A webserver, named SCEptRe (Structural Complexes of Epitope-Receptor), was developed and made available in the IEDB analysis resource  to provide weekly updated receptor-antigen 3D complexes (Fig. 1). SCEptRe can be accessed at http://tools.iedb.org/sceptre. All the structural quality parameters such as resolution, missing residues in CDRs used for filtering receptor-antigen complexes, were made available through SCEptRe. In addition, filtering based on R free factor was added to the webserver. The antigen and epitope/ligand filtering and clustering parameters were also made available. Additionally, MHC feature parameters, namely, source organism and MHC class for TCR-pMHC and MHC-ligand 3D complexes were also provided to users. An option to select receptor-antigen complexes with peptidic or non-peptidic epitopes/ligands was also added to the webserver. All the default filtering and clustering parameters discussed in the Methods sections were provided as recommended values in the online webserver, where they can be modified by the user if needed.
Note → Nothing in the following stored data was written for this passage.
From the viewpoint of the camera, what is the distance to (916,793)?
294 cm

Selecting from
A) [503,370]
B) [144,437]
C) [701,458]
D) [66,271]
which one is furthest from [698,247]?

Results are shown as a table with links to IEDB assay, epitope and receptor details pages, along with a link to PDB website. The 3D structure of receptor-antigen complexes can be visualized using the IEDB JSmol viewer (JSmol: an open-source HTML5 viewer for chemical structures in 3D. http://wiki.jmol.org/index.php/JSmol) (Fig. 2) which provides options to inspect one or all interacting residues in the receptor-antigen complexes.
The advances in the technology to sequence B and T cell receptor repertoires from individuals has led to the development of receptor-specific B and T cell epitope prediction methods. These new epitope prediction methods would benefit from regularly updated high-qualityreceptor-antigen datasets. Resources like the IEDB provide manually curated data on experimental information of antigen-receptor complexes. SCEptRE provides several down-stream processing steps to filter data from the IEDB to retain high-qualityreceptor-antigen complexes. SCEptRE also provides approaches to clustering the receptor-antigen 3D complexes so that these datasets can be used directly to train and validate receptor-specific epitope prediction methods.
Currently available 3D receptor-antigen complex datasets cluster antibody and TCR sequences based on their full-length sequences [7, 13, 23, 24]. Antibody and TCR sequences with identical CDRs may be grouped in different clusters by such an approach. CDRs interact directly with the antigen and are linked to the specificity of B and T cell receptors [25, 26]. It is also known that antibody heavy- and TCR β chains make the most extensive contacts with the antigen. Hence, SCEptRe classifies receptors based on their CDR sequences. Receptor cluster identifiers include information on the individual heavy, light, α or β chain clusters so that users can re-cluster them based on their need, e.g. heavy chain only or β chain only groups.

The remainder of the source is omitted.